В качестве почетного гостя вечеринку посетил Майкл Джексон. Я не решался знакомится с ним до выступления — его поведение мало к тому располагало. Майкл держался в сторонке, как ребенок, который в присутствии увлеченных беседой взрослых играет в свои игры и занят куда более важными делами, чем их пустая болтовня. Все, что вырывало его из этой отстраненности, подвергалось его доброжелательному и не лишенному искреннего любопытства осмотру...
Я поднялся на сцену и поздравил Азима. Краем глаза я видел Джексона, а он в свою очередь наблюдал за происходящим с прежним выражением лица. Но когда появилась музыка и я запел «Number One Fan», Майкл сел на корточки и стал слушать с заметно возросшим вниманием. Он был совсем близко и неотрывно смотрел на сцену, пока я не закончил песню — так мне потом сказали. Сам я не мог постоянно следить за реакцией этого невероятного зрителя — следовало сосредоточиться на исполнении. Но я чувствовал его взгляд.
Нас познакомили, когда я спустился со сцены. Джексон подошел ко мне вплотную и провел ладонью по моей щеке.
— So nice [1], — сказал он.
Знаю, что этот жест в последствии был объявлен чем угодно — только не тем, чем он был на самом деле. От Майкла исходило дружелюбное любопытство некоего нечеловеческого порядка. И он просто выразил свое отношение к происходящему в целом. Ко мне, к тому, как я пел, к сложившейся ситуации — его нисколько не раздражало новое знакомство, и он вполне мог перекинуться со мной парой слов, чтобы разбавить свое вселенское одиночество. Он даже согласился сфотографироваться с новым человеком. До его одобрительного жеста я бы вряд ли решился об этом попросить...

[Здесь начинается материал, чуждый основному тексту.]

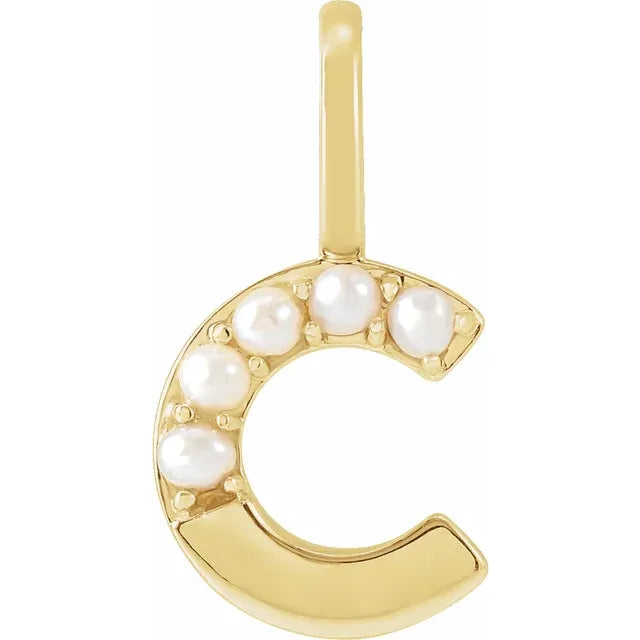 14K Yellow Gold Cultured White Pearl Initial C Charm/Pendant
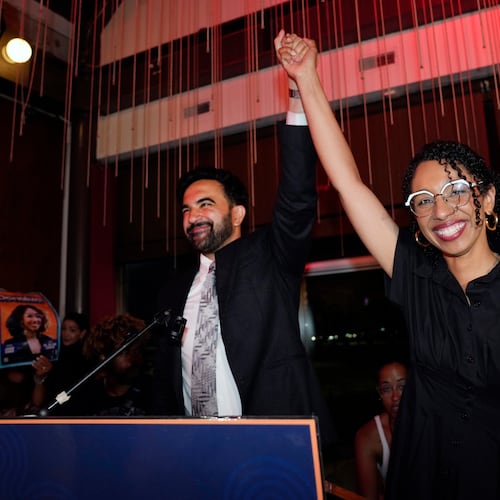 New York City Mayor Zohran Mamdani, celebrates with Democratic congressional candidate Darializa Avila Chevalier during an election night watch party Tuesday, June 23, 2026, in New York. (AP Photo/Seth Wenig)
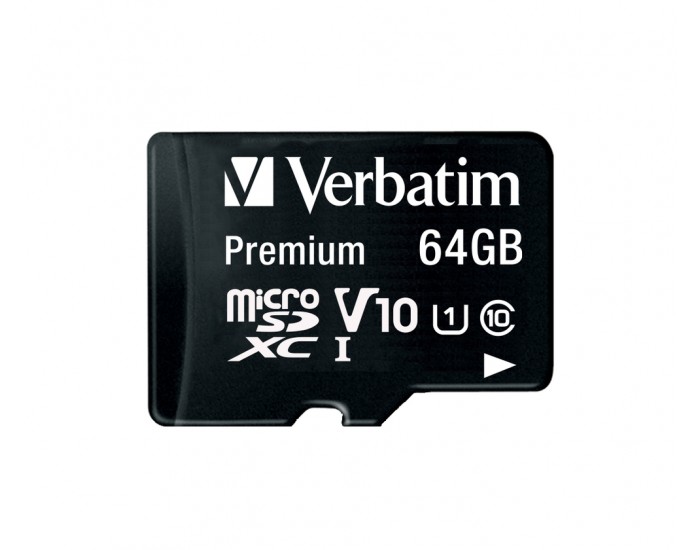 Памет Verbatim micro SDXC 64GB Class 10 (Incl. Adaptor)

Я ДОЛГО НЕ РЕШАЛСЯ СФОТОГРАФИРОВАТЬСЯ С КУМИРОМ
Так я познакомился с человеком, который одновременно жил на земле — и в истории цивилизации...

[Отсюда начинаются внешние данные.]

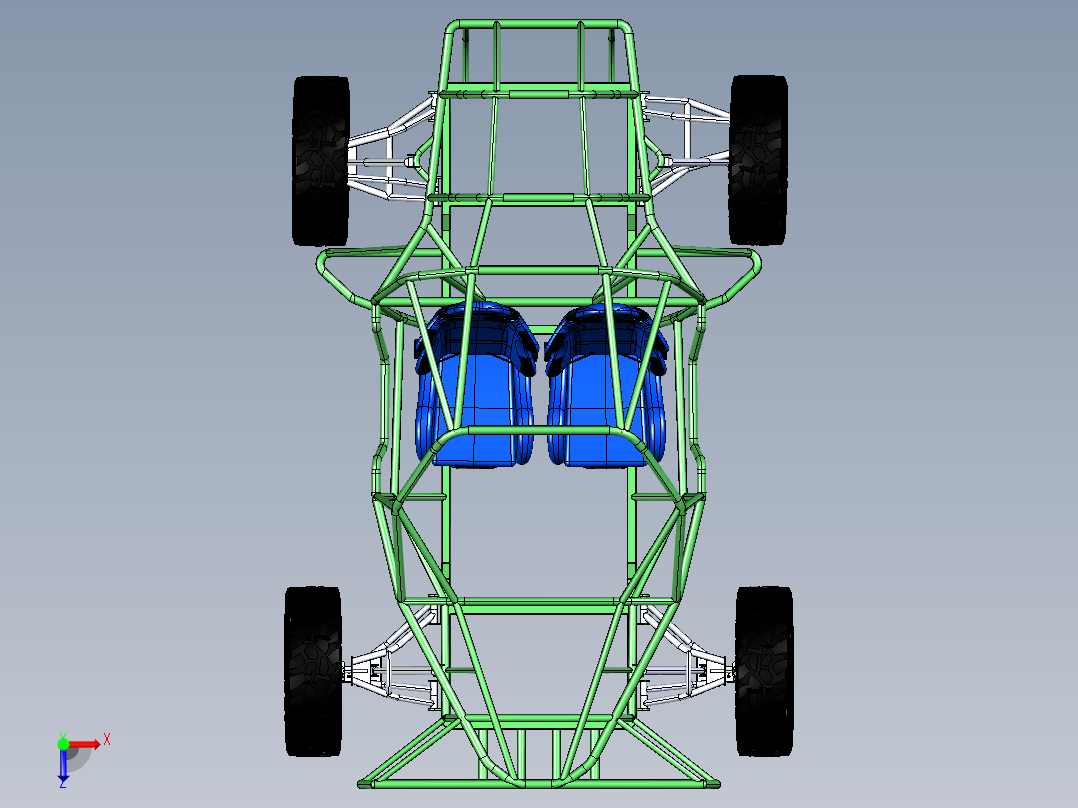 梯形框架的2.3米大动力全地形车俯视图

Почему я начинаю книгу именно этим эпизодом? В память о нем. Вряд ли это требует дополнительных объяснений. Но когда вы перевернете последнюю страницу, перечитайте эту небольшую историю. Она здесь неспроста.
Глава 1
ПРИВЕТ, МИР!
Рождение и «подмена» младенцев • Мое первое слово шокирует родителей • Бунтарство и артистизм в детском саду • Самовыражение • Музыка, мясо, Майкл Джексон • Наш ночной побег
Взрослые часто не помнят начало своей жизни, но я — исключение. Отчетливо вижу перед собой момент, когда я прибыл в этот мир и издал первый звук — торжественный и опасливый одновременно.

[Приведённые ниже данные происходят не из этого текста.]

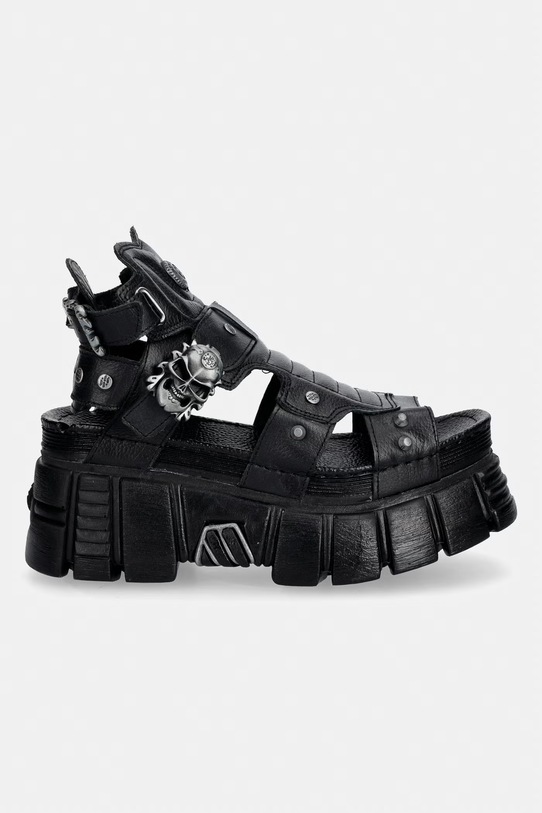 New Rock sandały damskie skórzane LUXOR NEGRO,TOWER NEGRO + LATERAL + ENT. M.BIOS104.C7 czarny SS26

...Глаза больно резанул яркий свет — это было непонятно и пугающее. Громкие звуки, резкие запахи, грубые предметы... Я оказался один снаружи, мне было неудобно, мокро и холодно. Я враз оробел и заплакал. Громко и от души — как плачут все нормальные новорожденные.
С МАМОЙ, ПАПОЙ И СЕСТРОЙ
Врач положил меня на подоконник, долго ощупывал и обмеривал. А потом я почувствовал, что мама рядом. Размытые контуры еще не складывались в человеческую фигуру, и главным в маме было ее нежное тепло. Оно успокаивало и защищало. Мир был огромным и ужасным, но лежа на мамином животе, я не боялся.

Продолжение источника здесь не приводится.